### EXCERPTED RECORDS
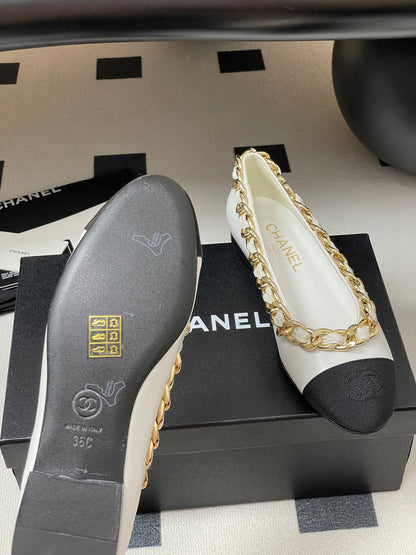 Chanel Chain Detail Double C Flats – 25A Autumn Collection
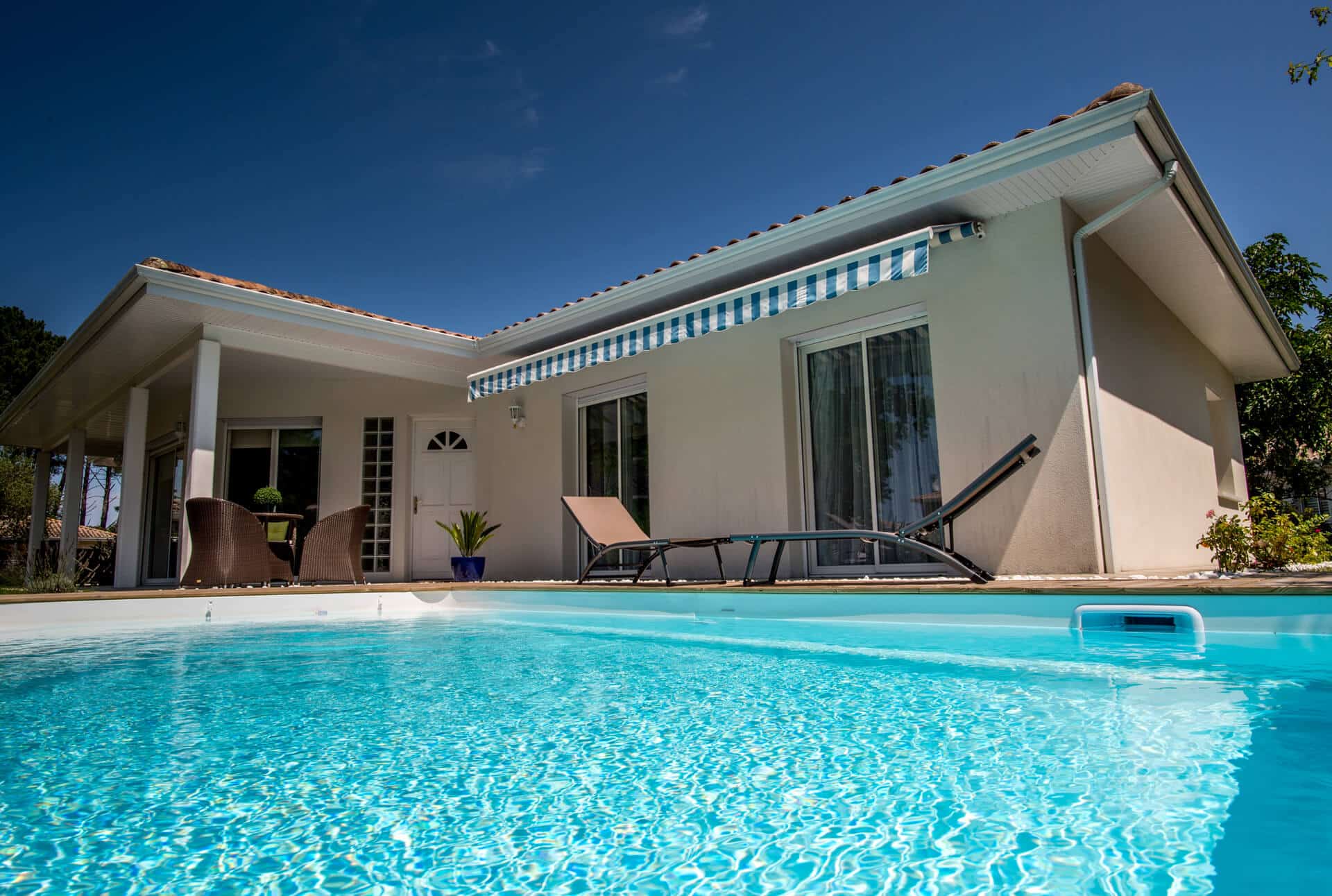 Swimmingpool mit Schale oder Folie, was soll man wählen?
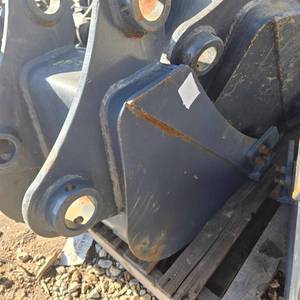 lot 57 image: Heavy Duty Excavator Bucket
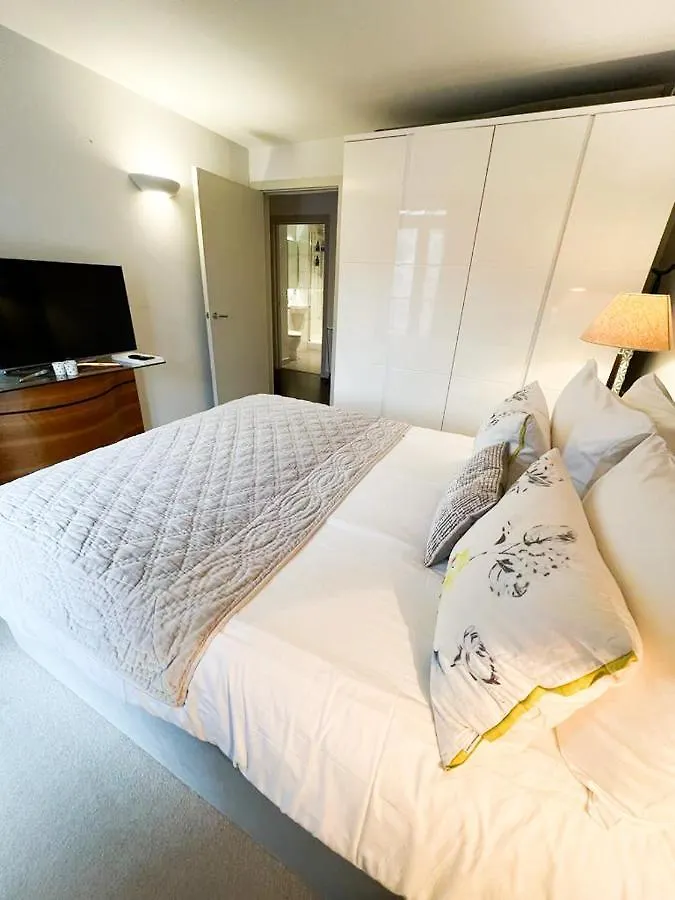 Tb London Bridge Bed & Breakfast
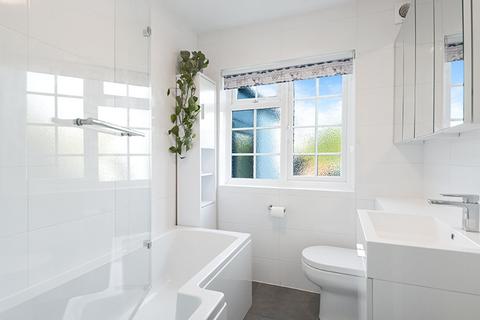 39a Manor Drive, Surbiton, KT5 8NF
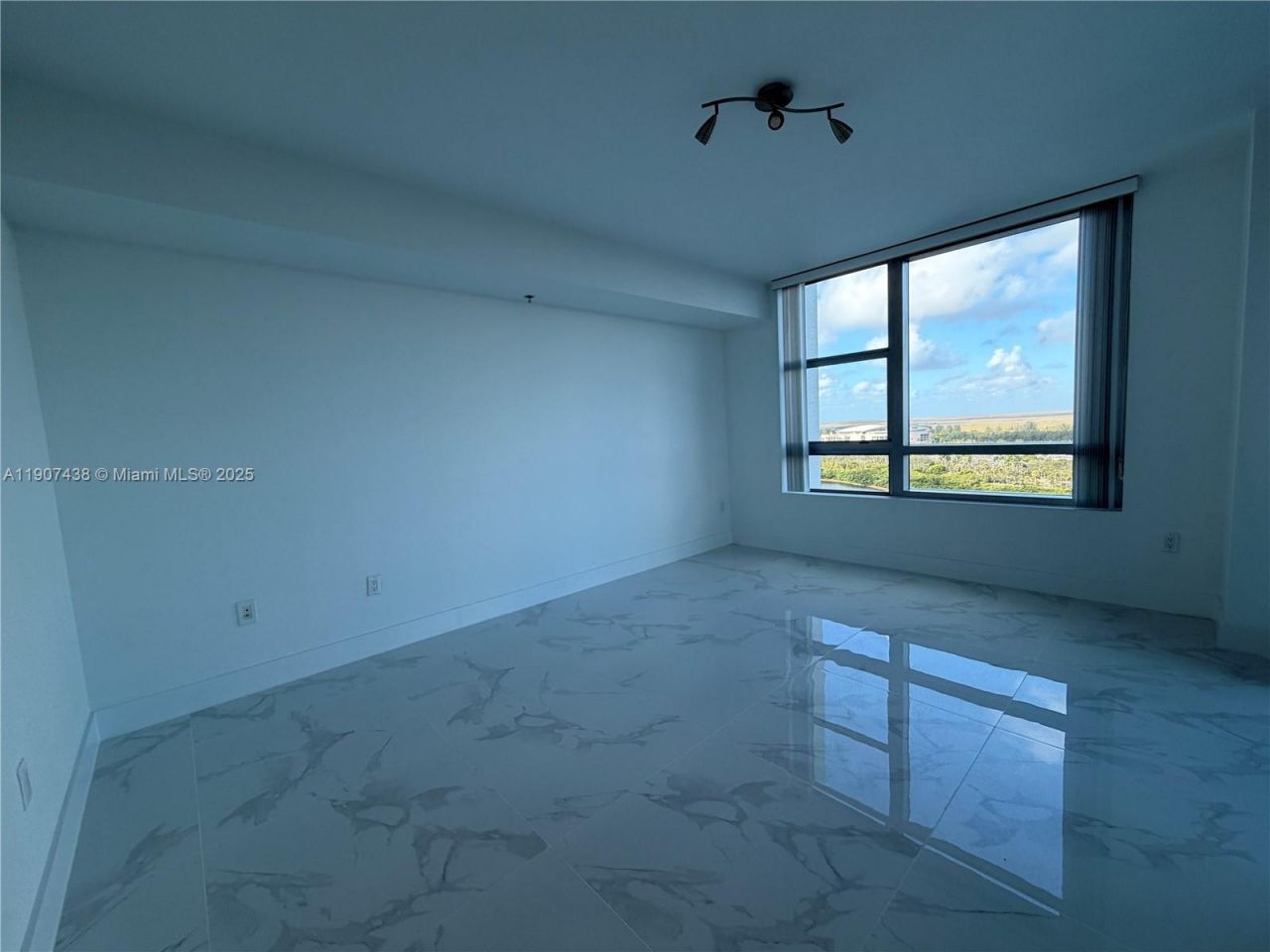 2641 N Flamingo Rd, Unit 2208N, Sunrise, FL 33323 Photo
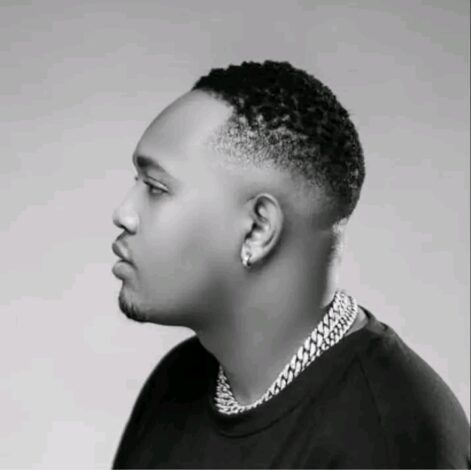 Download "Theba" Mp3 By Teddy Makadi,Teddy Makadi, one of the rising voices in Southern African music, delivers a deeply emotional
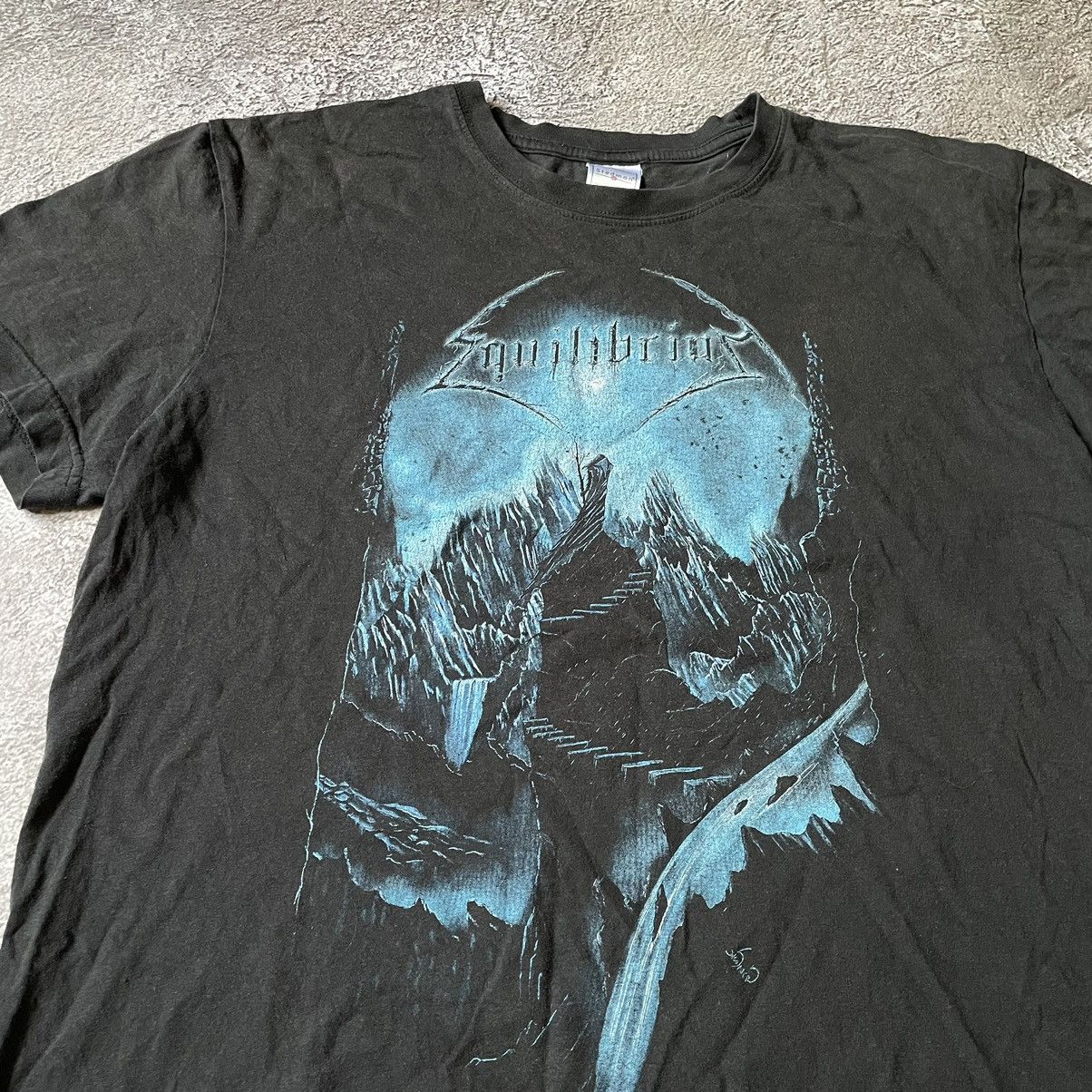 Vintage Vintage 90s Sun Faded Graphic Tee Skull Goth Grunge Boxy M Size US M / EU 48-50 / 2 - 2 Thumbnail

### ASSIGNED TASK
From the line holding "a deeply emotional" to the final line of the data above, give each line again exactly, both ends included, and drop the pictures.

### RESULT
 Download "Theba" Mp3 By Teddy Makadi,Teddy Makadi, one of the rising voices in Southern African music, delivers a deeply emotional
 Vintage Vintage 90s Sun Faded Graphic Tee Skull Goth Grunge Boxy M Size US M / EU 48-50 / 2 - 2 Thumbnail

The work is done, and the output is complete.